Beginning with the line that contains "Used 2024 Jeep" and ending with the line that contains "Imagem de satélite", reproduce the lines of the entries below exactly, omitting pictures.

* Source data
- Opening Delimiter -
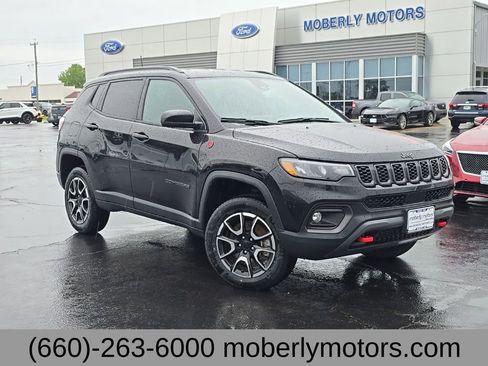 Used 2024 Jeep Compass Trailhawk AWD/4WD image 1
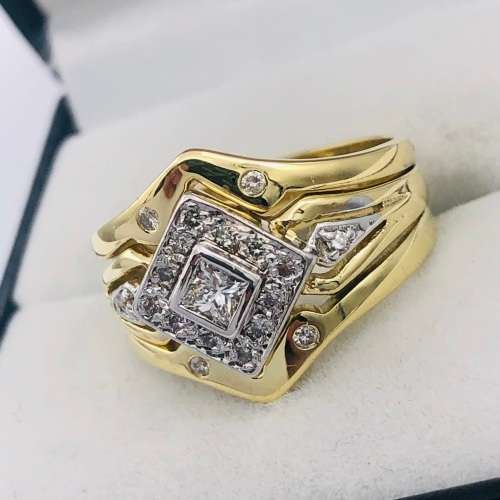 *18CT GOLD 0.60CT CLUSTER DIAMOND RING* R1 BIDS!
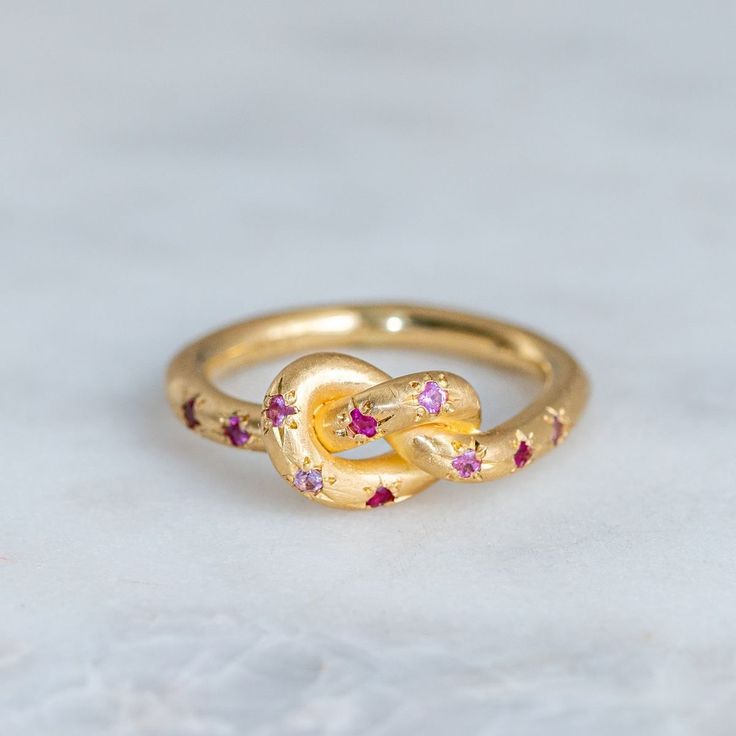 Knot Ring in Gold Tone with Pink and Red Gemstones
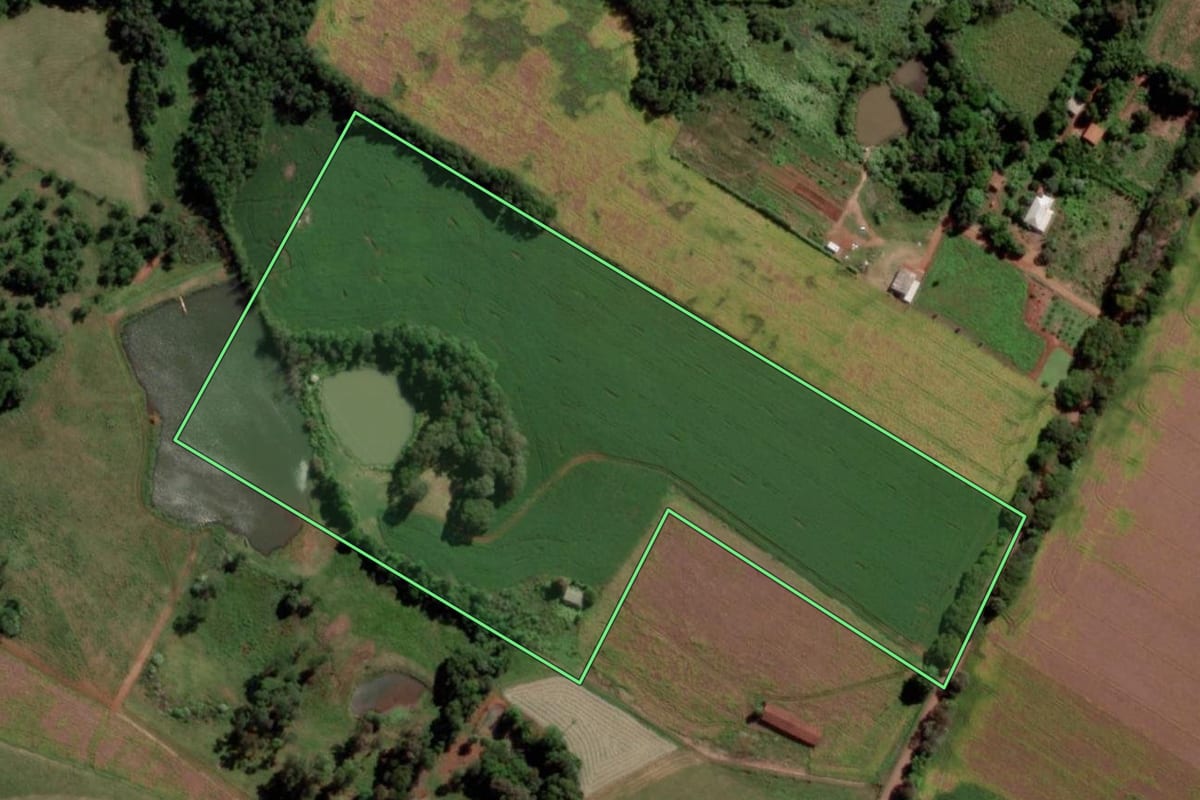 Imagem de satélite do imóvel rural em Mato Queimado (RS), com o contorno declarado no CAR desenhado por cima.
- Closing Delimiter -
- Opening Delimiter -
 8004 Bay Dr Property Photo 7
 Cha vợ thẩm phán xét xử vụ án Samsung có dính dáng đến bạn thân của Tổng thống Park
- Closing Delimiter -
* Completed task
 Used 2024 Jeep Compass Trailhawk AWD/4WD image 1
 *18CT GOLD 0.60CT CLUSTER DIAMOND RING* R1 BIDS!
 Knot Ring in Gold Tone with Pink and Red Gemstones
 Imagem de satélite do imóvel rural em Mato Queimado (RS), com o contorno declarado no CAR desenhado por cima.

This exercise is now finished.